EXERCISE DESCRIPTION
Reproduce the records exactly, but not the pictures.

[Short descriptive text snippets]
---

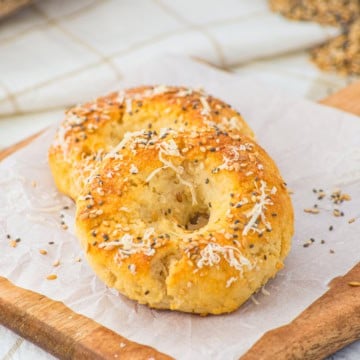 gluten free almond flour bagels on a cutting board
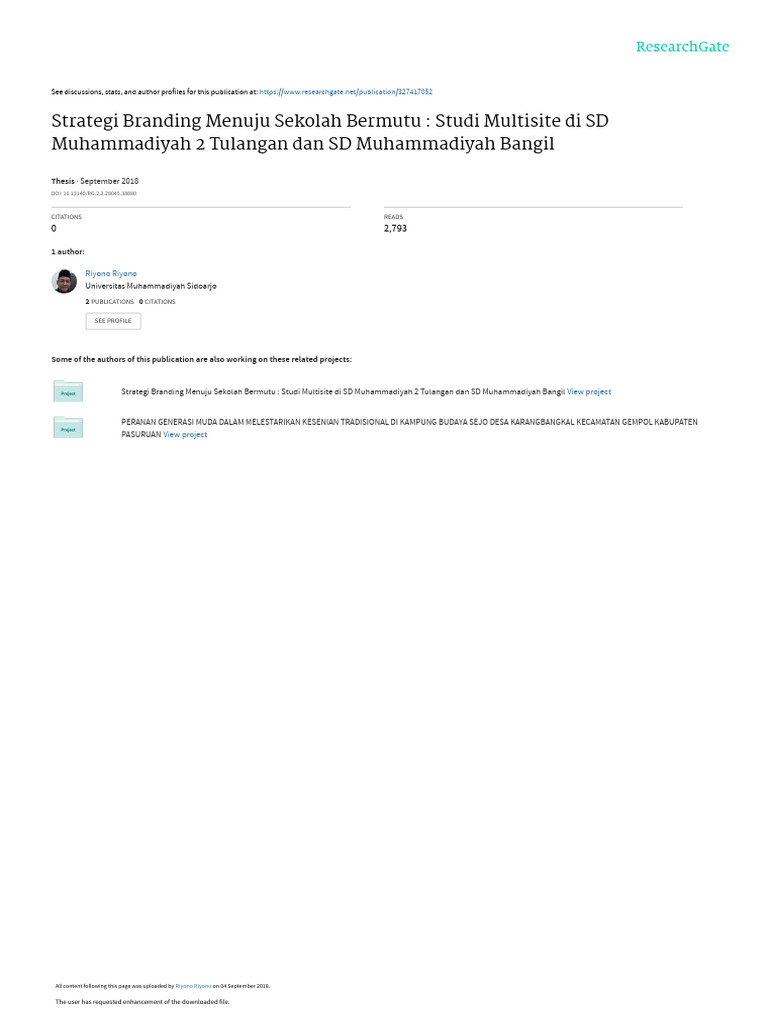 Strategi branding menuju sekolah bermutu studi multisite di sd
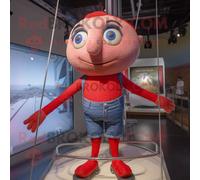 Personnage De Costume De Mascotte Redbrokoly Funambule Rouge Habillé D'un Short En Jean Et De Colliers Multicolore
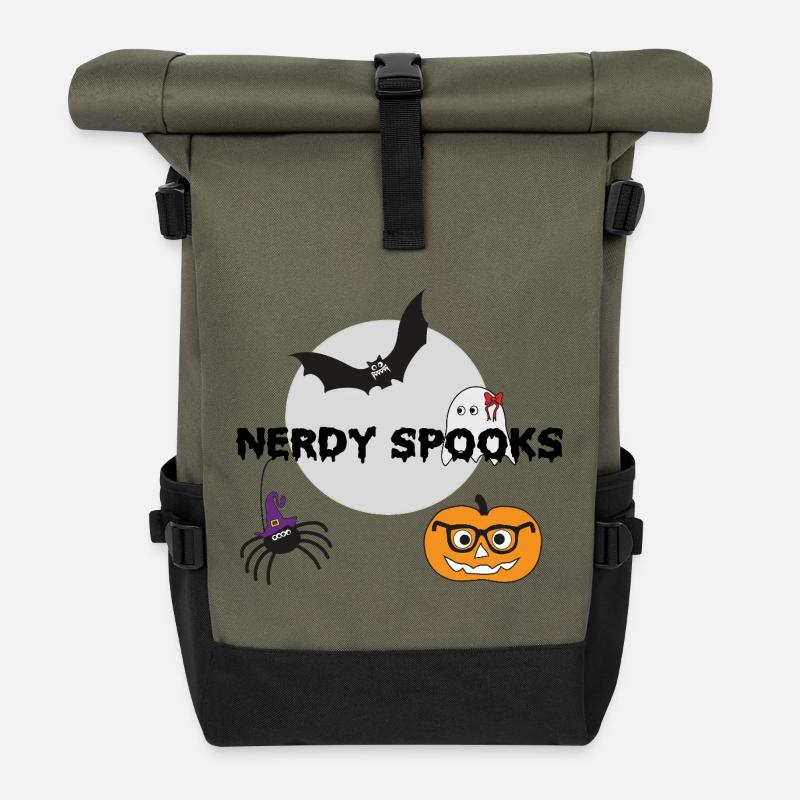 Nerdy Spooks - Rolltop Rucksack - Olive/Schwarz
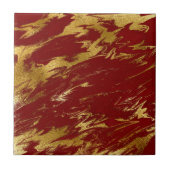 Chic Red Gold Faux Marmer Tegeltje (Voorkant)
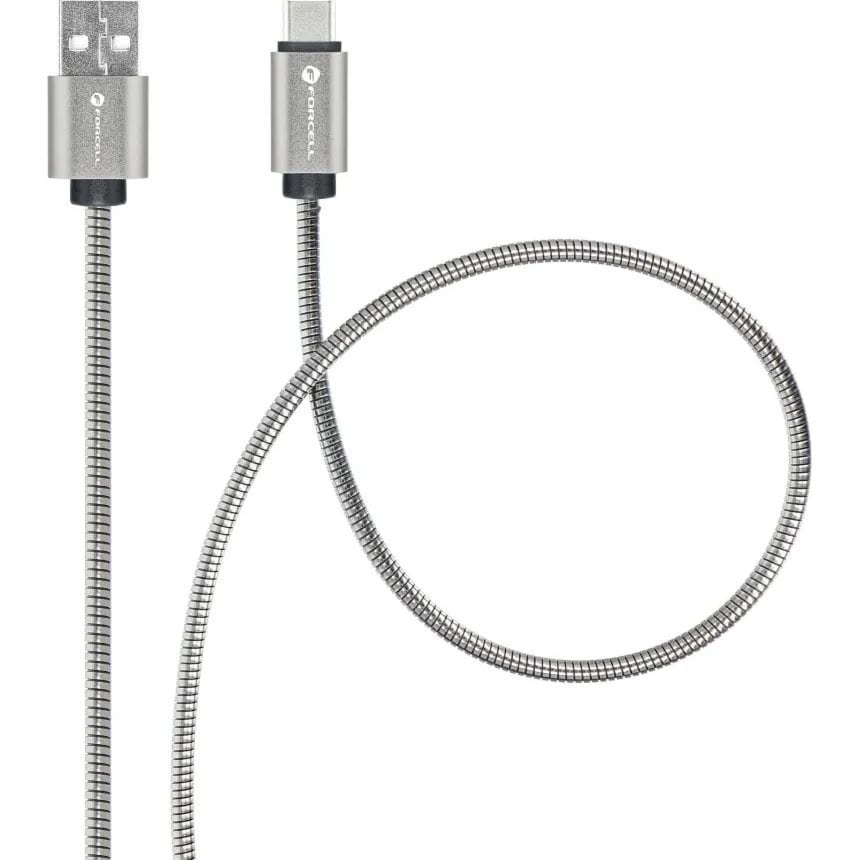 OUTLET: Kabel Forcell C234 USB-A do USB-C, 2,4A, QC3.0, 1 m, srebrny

---

EXERCISE RESPONSE
 gluten free almond flour bagels on a cutting board
 Strategi branding menuju sekolah bermutu studi multisite di sd
 Personnage De Costume De Mascotte Redbrokoly Funambule Rouge Habillé D'un Short En Jean Et De Colliers Multicolore
 Nerdy Spooks - Rolltop Rucksack - Olive/Schwarz
 Chic Red Gold Faux Marmer Tegeltje (Voorkant)
 OUTLET: Kabel Forcell C234 USB-A do USB-C, 2,4A, QC3.0, 1 m, srebrny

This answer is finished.